Your goal: Every line of the data below is to be given again as it appears, with the images removed.

Data extract:
_ _ _ _ _ _ _
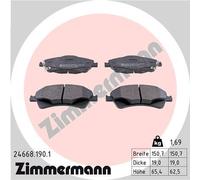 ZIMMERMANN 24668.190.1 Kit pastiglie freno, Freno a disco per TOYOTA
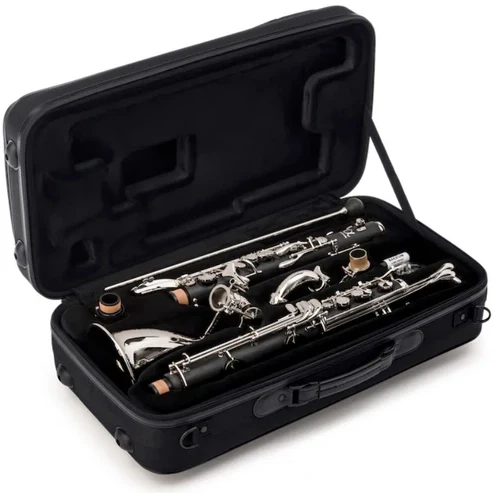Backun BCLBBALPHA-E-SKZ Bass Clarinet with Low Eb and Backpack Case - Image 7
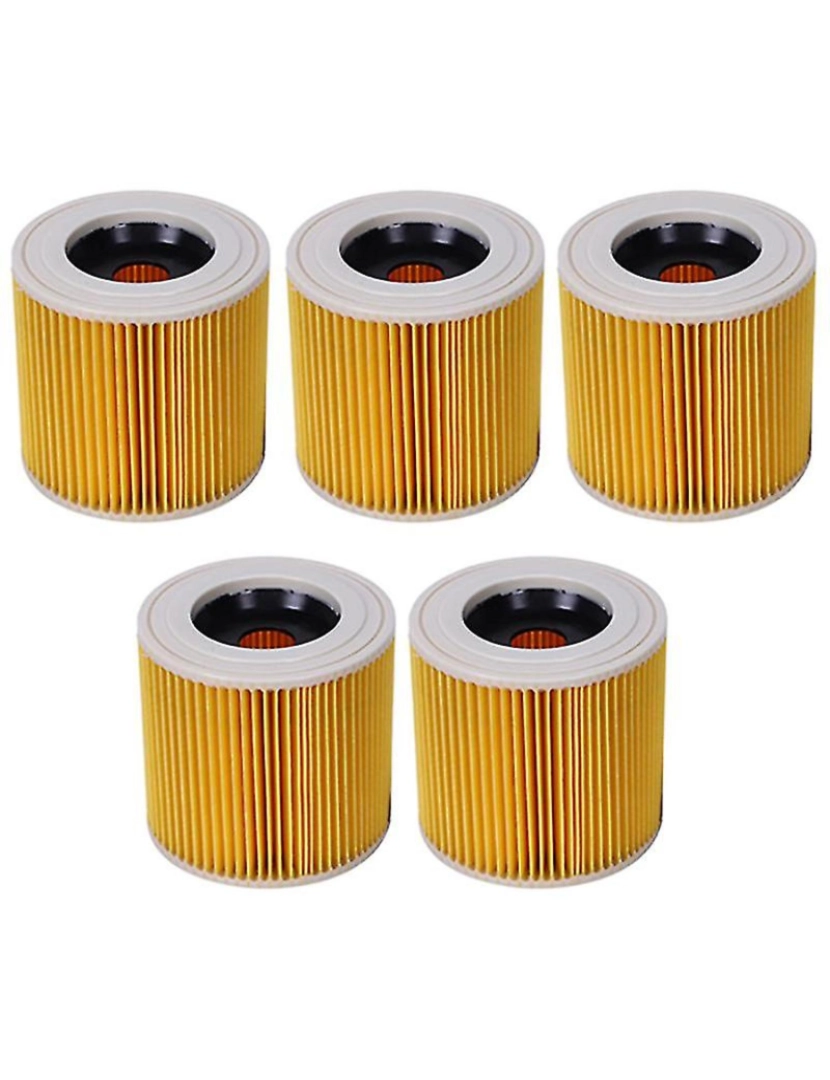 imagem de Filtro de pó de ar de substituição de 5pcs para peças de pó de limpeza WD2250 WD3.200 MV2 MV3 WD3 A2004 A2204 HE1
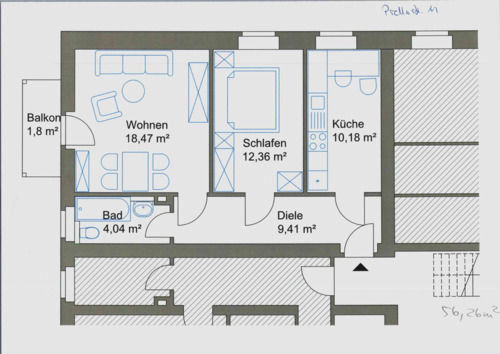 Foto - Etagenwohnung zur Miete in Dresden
_ _ _ _ _ _ _
Answer for this exercise:
 ZIMMERMANN 24668.190.1 Kit pastiglie freno, Freno a disco per TOYOTA
Backun BCLBBALPHA-E-SKZ Bass Clarinet with Low Eb and Backpack Case - Image 7
 imagem de Filtro de pó de ar de substituição de 5pcs para peças de pó de limpeza WD2250 WD3.200 MV2 MV3 WD3 A2004 A2204 HE1
 Foto - Etagenwohnung zur Miete in Dresden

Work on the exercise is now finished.